Exercise material
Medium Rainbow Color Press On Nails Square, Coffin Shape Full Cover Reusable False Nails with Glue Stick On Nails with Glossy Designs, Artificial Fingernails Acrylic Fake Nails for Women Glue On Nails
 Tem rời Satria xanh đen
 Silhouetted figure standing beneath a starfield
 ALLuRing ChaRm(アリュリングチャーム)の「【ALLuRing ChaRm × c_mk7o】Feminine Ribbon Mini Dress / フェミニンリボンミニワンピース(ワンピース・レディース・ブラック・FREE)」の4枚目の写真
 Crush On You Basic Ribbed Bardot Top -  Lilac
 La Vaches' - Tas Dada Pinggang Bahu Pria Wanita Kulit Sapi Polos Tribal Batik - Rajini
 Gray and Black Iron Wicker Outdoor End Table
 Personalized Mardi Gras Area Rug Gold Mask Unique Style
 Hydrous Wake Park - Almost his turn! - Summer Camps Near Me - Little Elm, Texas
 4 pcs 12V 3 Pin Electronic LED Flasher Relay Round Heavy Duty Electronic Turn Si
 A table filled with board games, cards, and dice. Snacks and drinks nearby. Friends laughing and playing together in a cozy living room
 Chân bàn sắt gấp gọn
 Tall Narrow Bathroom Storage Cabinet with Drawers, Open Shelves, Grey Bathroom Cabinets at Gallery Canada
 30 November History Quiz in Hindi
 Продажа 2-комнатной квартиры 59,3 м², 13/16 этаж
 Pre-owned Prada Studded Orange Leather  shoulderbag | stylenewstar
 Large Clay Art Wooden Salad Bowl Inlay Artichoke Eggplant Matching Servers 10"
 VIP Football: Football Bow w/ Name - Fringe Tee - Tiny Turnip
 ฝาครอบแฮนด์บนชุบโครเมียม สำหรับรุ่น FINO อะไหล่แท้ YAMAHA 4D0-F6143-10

What is required
The response must consist of the lines above, from the first one through the line containing "La Vaches' - Tas", reproduced exactly.

Output for this task
Medium Rainbow Color Press On Nails Square, Coffin Shape Full Cover Reusable False Nails with Glue Stick On Nails with Glossy Designs, Artificial Fingernails Acrylic Fake Nails for Women Glue On Nails
 Tem rời Satria xanh đen
 Silhouetted figure standing beneath a starfield
 ALLuRing ChaRm(アリュリングチャーム)の「【ALLuRing ChaRm × c_mk7o】Feminine Ribbon Mini Dress / フェミニンリボンミニワンピース(ワンピース・レディース・ブラック・FREE)」の4枚目の写真
 Crush On You Basic Ribbed Bardot Top -  Lilac
 La Vaches' - Tas Dada Pinggang Bahu Pria Wanita Kulit Sapi Polos Tribal Batik - Rajini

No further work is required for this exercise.